**Data supplied:**
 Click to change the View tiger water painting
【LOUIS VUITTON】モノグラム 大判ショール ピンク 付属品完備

---

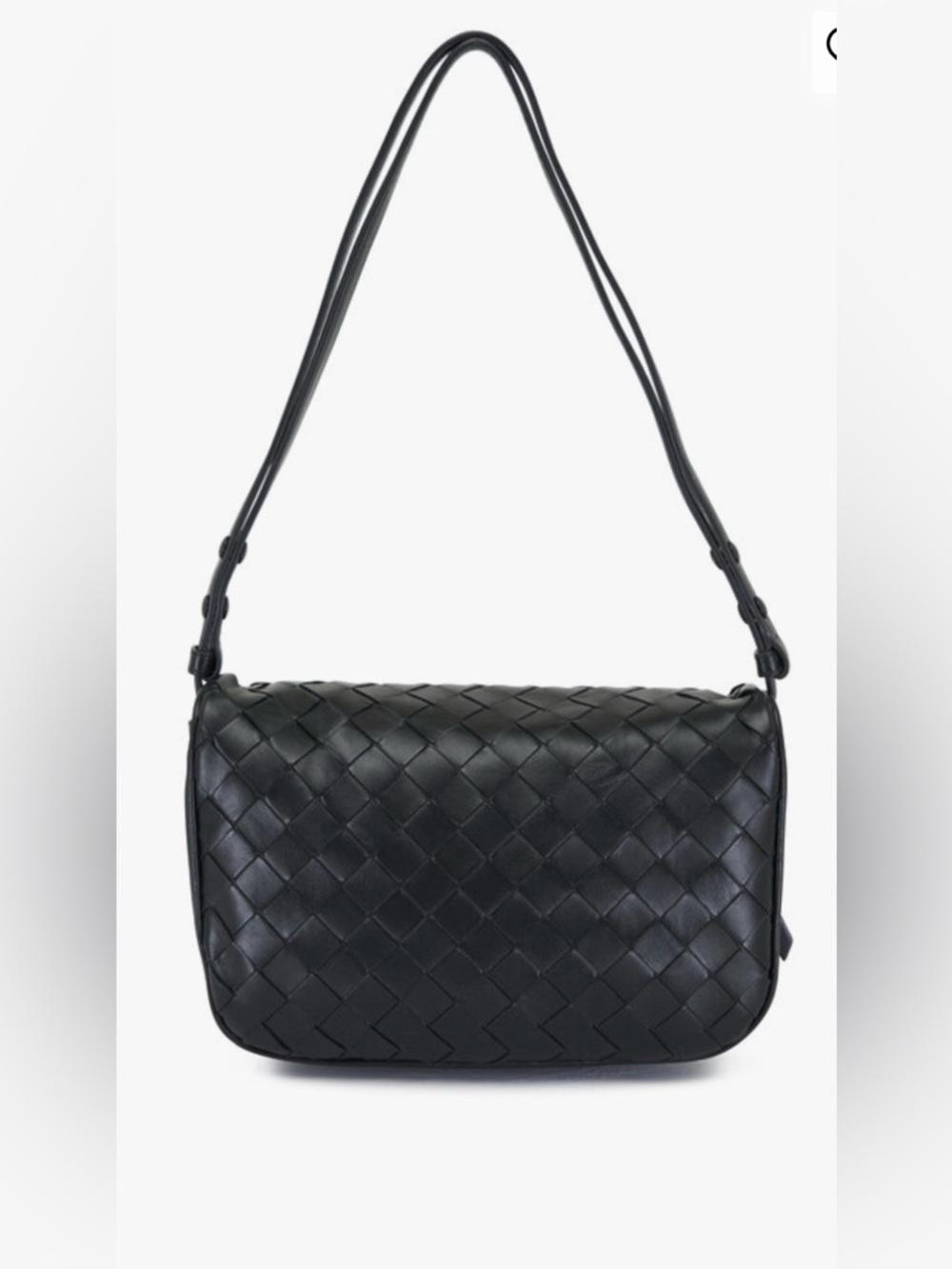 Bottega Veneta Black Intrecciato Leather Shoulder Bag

**Your instructions:**
Print exactly the lines of the listing above starting at the line containing "Click to change" and ending at the line containing "大判ショール ピンク 付属品完備", both included.

**Task response:**
 Click to change the View tiger water painting
【LOUIS VUITTON】モノグラム 大判ショール ピンク 付属品完備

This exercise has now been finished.